Alison Gleeson has served as a member of our board of directors since January 2020. She has served as a Special Advisor and Operating Committee Member at Brighton Park Capital, an investment firm, since October 2019. From November 2018 to September 2019, she was a private investor. From January 1996 to October 2018, Ms. Gleeson was with Cisco, where she served in various roles, most recently as Senior Vice President, Americas from July 2014 to October 2018. Ms. Gleeson currently serves on the board of directors of 8x8, Inc., a cloud-based provider of voice over IP products. Ms. Gleeson holds a B.A. in Marketing from Michigan State University. We believe Ms. Gleeson is qualified to serve as a member of our board of directors because of her prior executive and go-to-market experience for a large public company.
Shelley Leibowitz has served as a member of our board of directors since October 2021. Ms. Leibowitz currently serves as President of SL Advisory, which provides advice and insights in innovation and digital transformation, information technology portfolio and risk management, digital trust, performance metrics, and effective governance, and has served in such capacity since January 2016. From 2009 through 2012, Ms.
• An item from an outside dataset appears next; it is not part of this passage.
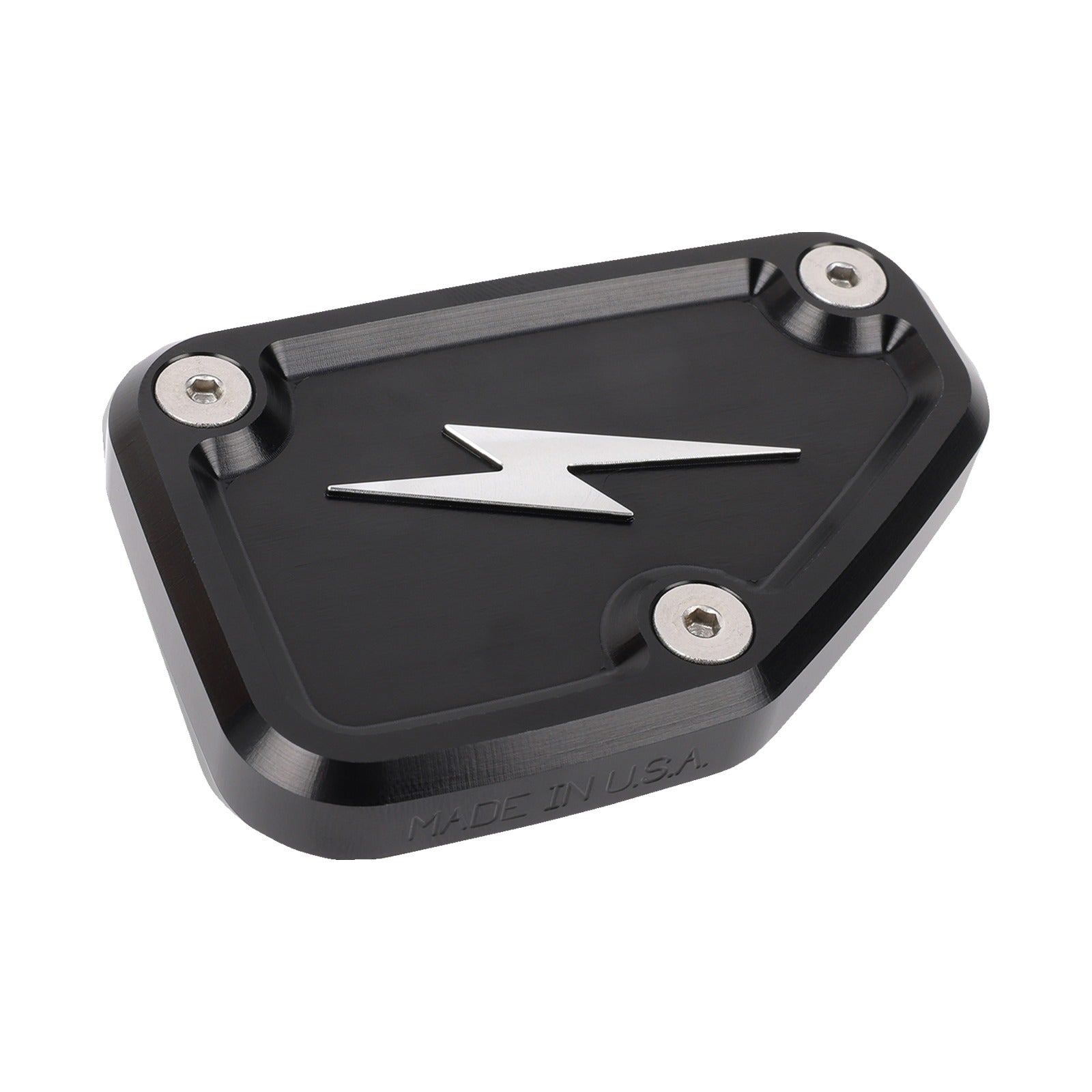 THRASHIN SUPPLY CO. - MASTER CYLINDER COVER - BRAKE - FRONT - BLACK/TWICE-CUT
Leibowitz served as Chief Information Officer for the World Bank Group. Prior to that, Ms. Leibowitz held Chief Information Officer positions at top-tier financial institutions, including Morgan Stanley and Greenwich Capital Markets. She currently serves as a director of Morgan Stanley, a global financial services firm. Previously she served as a director of Massachusetts Mutual Life Insurance Company, an insurance and financial services provider, from October 2019 to April 2021, E*Trade Financial Corporation, a financial services company, from December 2014 to October 2020, and AllianceBernstein Holding L.P., a global asset management firm, from November 2017 to June 2019. Ms. Leibowitz also serves on the boards of private companies in the cybersecurity and risk arenas. Ms. Leibowitz holds a B.A. in Mathematics from Williams College. We believe Ms. Leibowitz is qualified to serve as a member of our board of directors because of her current and prior executive and directorship experience and extensive leadership and experience in technology services, digital transformation, and information security.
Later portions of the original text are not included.